Figure 3 is the on-axis frequency response measured at 1 meter without the influence of room reflections. Sensitivity is about 85 dB below 1.5 kHz with 2 V input. MB Quart's claim of 88-dB sensitivity appears to be made using 2.83 V input, which is equivalent to 1 watt into an 8-ohm speaker. The 280, however, is a 4-ohm unit, but using the same drive levels, the measurements agree. Look at the power your amplifier will provide into a 4-ohm load and consider the 85-dB figure. This sensitivity is a bit on the low side, but reasonable. An amplifier capable of 100 watts per channel should produce peaks around 108 dB SPL in a typical room.

Low-frequency response shows the roll-off of 12 dB per octave expected from a sealed-box system below its resonance frequency, which is 79 Hz for the MB Quart 280.

Apparently, this system is intentionally a little underdamped, which gives a slight boost at 100 Hz and extends the -3 dB frequency to about 60 Hz. For the same cabinet size, de signing for higher sensitivity would have the indirect effect of increasing damping and raising the cutoff frequency. The upper range is reasonably smooth but is suppressed about 3 dB above 1.5 kHz. (Could this be the tweak to Americanize the 280? I think the subject is a little more complicated, and I will go into it further when we look at the directivity plots.) The titanium tweeter shows no sign of giving up by the end of the plot at 20 kHz.

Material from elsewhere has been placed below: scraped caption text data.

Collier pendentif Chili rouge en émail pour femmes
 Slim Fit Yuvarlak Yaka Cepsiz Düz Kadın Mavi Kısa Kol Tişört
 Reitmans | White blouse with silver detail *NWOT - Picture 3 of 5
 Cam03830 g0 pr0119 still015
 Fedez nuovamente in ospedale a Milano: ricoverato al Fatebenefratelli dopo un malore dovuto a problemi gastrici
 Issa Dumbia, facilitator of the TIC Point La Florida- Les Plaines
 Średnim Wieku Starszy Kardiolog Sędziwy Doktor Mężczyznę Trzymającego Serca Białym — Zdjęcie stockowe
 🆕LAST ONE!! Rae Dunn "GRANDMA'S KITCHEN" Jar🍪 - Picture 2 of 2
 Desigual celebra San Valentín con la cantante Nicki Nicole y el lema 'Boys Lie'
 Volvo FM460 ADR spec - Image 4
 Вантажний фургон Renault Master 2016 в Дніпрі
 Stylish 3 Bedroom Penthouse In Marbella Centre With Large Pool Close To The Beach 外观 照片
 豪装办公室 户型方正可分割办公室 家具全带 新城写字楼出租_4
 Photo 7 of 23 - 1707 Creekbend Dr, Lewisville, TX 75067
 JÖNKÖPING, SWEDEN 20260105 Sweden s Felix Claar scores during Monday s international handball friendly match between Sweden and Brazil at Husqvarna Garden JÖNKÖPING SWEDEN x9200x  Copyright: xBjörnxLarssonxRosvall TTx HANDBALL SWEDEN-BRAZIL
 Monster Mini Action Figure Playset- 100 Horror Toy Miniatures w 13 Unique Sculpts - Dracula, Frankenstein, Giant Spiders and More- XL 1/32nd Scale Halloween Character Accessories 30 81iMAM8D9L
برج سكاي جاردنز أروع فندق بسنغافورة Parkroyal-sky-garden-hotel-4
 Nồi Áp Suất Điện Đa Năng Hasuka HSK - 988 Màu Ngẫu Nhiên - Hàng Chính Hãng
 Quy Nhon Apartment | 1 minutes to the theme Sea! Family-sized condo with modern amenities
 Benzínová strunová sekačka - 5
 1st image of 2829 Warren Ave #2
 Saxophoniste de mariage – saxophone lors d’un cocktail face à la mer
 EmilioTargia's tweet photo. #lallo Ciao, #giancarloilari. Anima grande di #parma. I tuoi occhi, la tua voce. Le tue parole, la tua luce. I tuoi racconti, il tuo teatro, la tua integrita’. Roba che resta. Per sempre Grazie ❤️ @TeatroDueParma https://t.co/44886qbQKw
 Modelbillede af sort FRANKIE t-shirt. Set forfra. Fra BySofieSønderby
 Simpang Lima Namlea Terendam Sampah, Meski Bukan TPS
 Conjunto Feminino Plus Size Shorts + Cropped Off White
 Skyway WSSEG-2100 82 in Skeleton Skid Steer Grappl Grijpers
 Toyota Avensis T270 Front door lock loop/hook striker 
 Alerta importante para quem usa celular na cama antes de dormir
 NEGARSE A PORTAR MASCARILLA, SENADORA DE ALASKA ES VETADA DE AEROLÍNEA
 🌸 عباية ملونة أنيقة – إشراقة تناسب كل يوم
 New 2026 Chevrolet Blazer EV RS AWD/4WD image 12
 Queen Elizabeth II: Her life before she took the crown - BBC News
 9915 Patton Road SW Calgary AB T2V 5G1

Phase response (Fig. 4) is just what one would expect of a classically designed two-way loudspeaker with a second order crossover. Phase lead is expected at very low frequencies, where the response is rising. Phase passes through 180° in the midrange, due to the crossover, and lags a further 180° due to the eventual tweeter roll-off. Each speaker in this pair matches the other quite closely.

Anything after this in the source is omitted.